Finally, unbeaten runs are not solely about the numbers.

Take United in 1995-96: their longest undefeated stretch of 12 matches in that season doesn’t look particularly special on a spreadsheet, but that was the season when Eric Cantona essentially won the title on his own, scoring in eight of those games, five of which were their only goals in four 1-0 wins and a 1-1 draw. This was the season when they overhauled Kevin Keegan’s Newcastle, which he did not love, and there was more drama in those 12 unbeaten games than there was in most of the more statistically impressive stretches.

After all of this, going unbeaten over the remaining 11 games this season still might not be enough, as Liverpool have found out to their cost before.

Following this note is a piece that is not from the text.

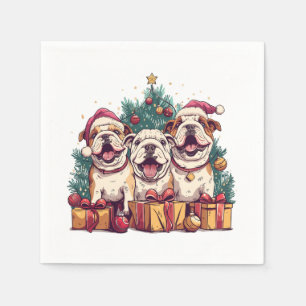 Servilleta De Papel Navidades Bulldog inglés Santa Hats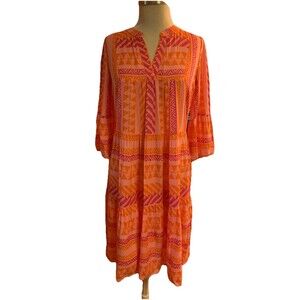 Linen Blend Goa BeachWear By Japna Dress Coverup Size XS/SM Resort Beachy Pool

Based on recent history, the eventual champions will need a total in the high 80s, minimum. Probably more realistically, with three teams pushing each other, only something north of 90 will cut it. Gone are the days when 75 points would win you the title, as it did for United in 1996-97, or the 81 that Leicester got in their 2015-16 miracle season.

Unbeaten runs might not do the job anymore. A winning run is what you need.

In the Guardiola era, the champions have won at least 12 games in a row all but once. Liverpool in 2019-20 and City in 2017-18 lead the way with 18. As we all know, it’s been a feature of City’s successes that they suddenly turn into a merciless winning machine, and go on ludicrous runs: there were 15 in 2020-21 and 14 in both 2018-19 and 2022-23. The current longest this season is seven, which is Arsenal’s current streak. It will probably need another of those relentless spells of victories to lift the title.

It’s all an indication of just how ludicrously good and consistent you need to be in the present era.

Hopefully, the three will continue to careen towards the finish line at breakneck speed.

It’s going to be hellish for them, but terrific fun for us.